[I first heard this story in a speech by Jerry Clower.]
A famous scientist was often called upon to give his signature lecture, and he had a chauffeur who drove him to his engagements. The chauffeur would always come in, sit at the back, and listen.
One day, the scientist was speaking at a place where no one had ever seen him before, so the chauffeur proposed a switch. “Why don’t we trade clothing,” the chauffeur said, “and I’ll deliver your lecture? I’ve heard it enough times I feel pretty confident that I can give it as well as you can!” The scientist agreed to the switch.
The chauffeur did a brilliant job while the scientist sat in the back of the room in the chauffeur’s uniform. After he concluded, however, there was time for questions and answers. The first question was highly technical, and, of course, the chauffeur had no idea what to say. Without missing a beat, however, he simply said, “That question is so elementary I think I’ll allow my chauffeur to answer it.”
The following story is good to tell if you are discussing the importance of limiting your speaking time when delivering a presentation. We are very time- conscious in our culture and as a speaker you want to know how much time you have to speak. Staying within that time limit or perhaps even stopping a couple of minutes under the allotted time enhances your credibility.
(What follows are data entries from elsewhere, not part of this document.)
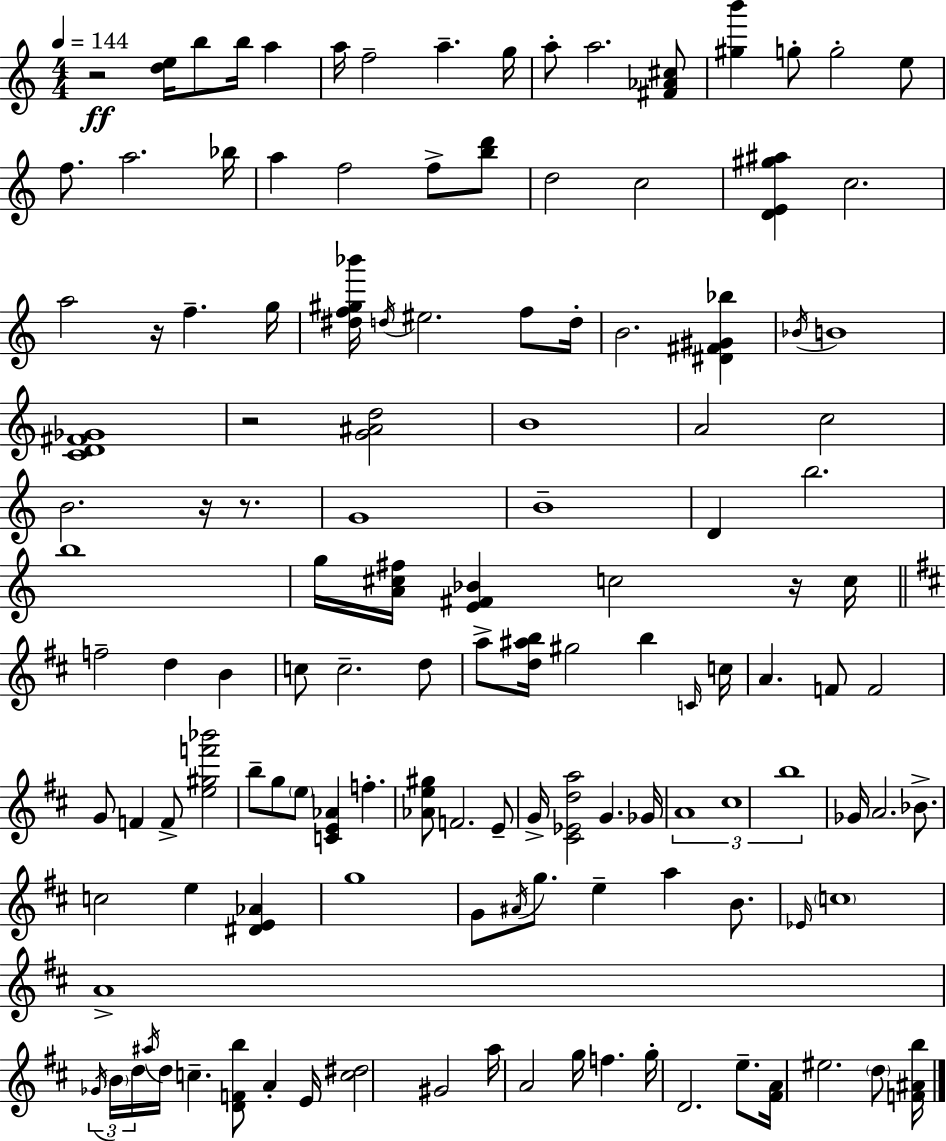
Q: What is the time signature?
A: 4/4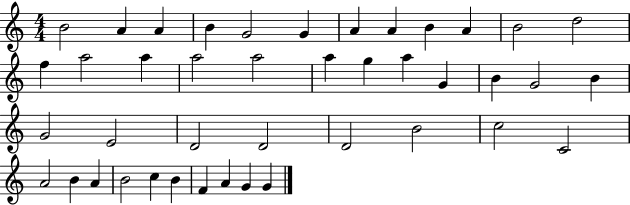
B4/h A4/q A4/q B4/q G4/h G4/q A4/q A4/q B4/q A4/q B4/h D5/h F5/q A5/h A5/q A5/h A5/h A5/q G5/q A5/q G4/q B4/q G4/h B4/q G4/h E4/h D4/h D4/h D4/h B4/h C5/h C4/h A4/h B4/q A4/q B4/h C5/q B4/q F4/q A4/q G4/q G4/q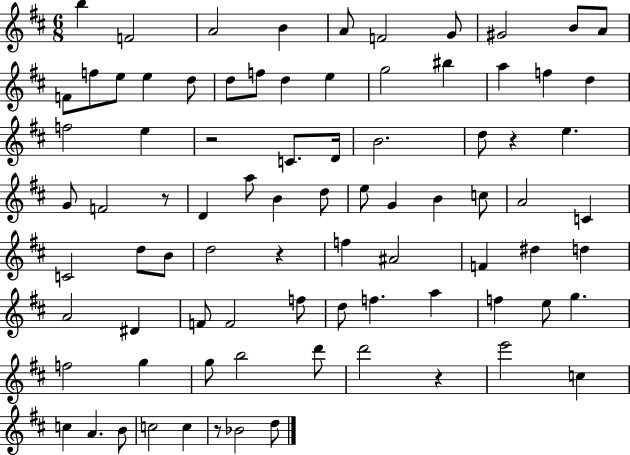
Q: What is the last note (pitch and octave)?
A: D5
The shortest presidency was that of William Henry Harrison who was elected in 1840. He delivered the longest inaugural address of any president—nearly two hours long. Unfortunately, he was not dressed for the cold and rain of March and came down with a cold. He became progressively ill and died on April 4, 1841, due to complications of pneumonia. His presidency lasted only 32 days. One might say he talked himself to death!
You could certainly add more detail if you needed to, but the brevity allows you to stress the point simply, humorously, and then move on.
The value of the historical example is that it gives your idea legitimacy and credibility and shows you can apply your expertise to other environments to make your point. As you read, look for events which you might develop into a historical story.